By Scott Neuman ~ National Public Radio ~ March 7, 2018
Salvadoran Archbishop Óscar Arnulfo Romero, who was gunned down by a right-wing death squad in 1980 at the start of the country's civil war, will be canonized as a Roman Catholic saint, the Vatican said in a statement Wednesday.
Romero, who had denounced a crackdown on leftist opponents of the country's military government, was killed while celebrating Mass in March 1980. He will be made a saint along with Pope Paul VI, whose canonization was announced last week.
When Vatican theologians declared Romero a martyr in 2015, they said he was killed in odium fidei — "in hatred of the faith."

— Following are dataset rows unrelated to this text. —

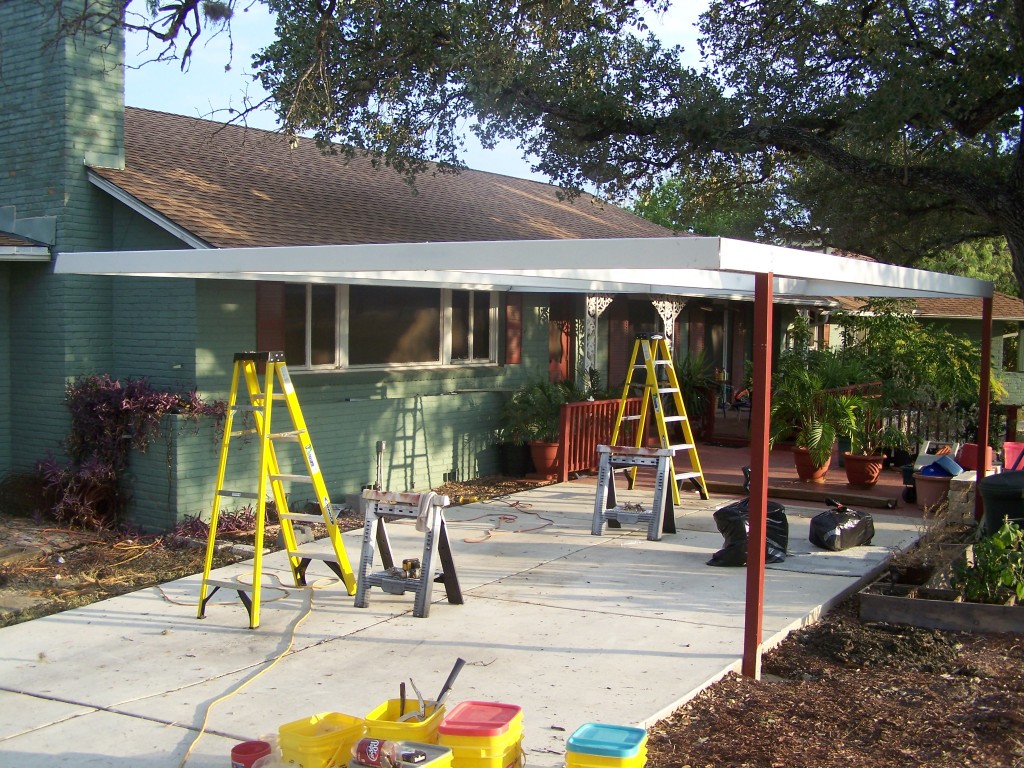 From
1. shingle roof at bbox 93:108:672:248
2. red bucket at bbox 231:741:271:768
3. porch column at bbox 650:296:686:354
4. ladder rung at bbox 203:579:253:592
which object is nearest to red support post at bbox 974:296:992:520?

Francis ruled that Romero could be declared a saint after a Vatican commission certified a miracle attributed to him. Canon law dictates that martyrs require only one verified miracle to become a saint instead of the normal two.
"The long delay in recognizing the obvious fact that Romero was obviously a martyr was shameful," Father James Martin, editor-at-large of the Jesuit magazine America said in a tweet on Wednesday.
The National Catholic Register writes that "Apart from his role in the Council, Paul VI is most widely known for his landmark encyclical Humanae Vitae, which was published in 1968 and reaffirmed the Church's teaching against contraception in the wake of the sexual revolution."

The Register said both of Paul VI's certified miracles were intercessions "involving the healing of an unborn child."
The nature of Romero's miracle has not been made public. However, last year, Archbishop Vincenzo Paglia, who was overseeing the canonization process, reportedly told an Italian radio station that the "healing of a pregnant woman that at first glance seems inexplicable" had been attributed to Romero.
No date has been set, but the Register says Paul VI and Romero are expected to be canonized together at the Synod of Bishops in October.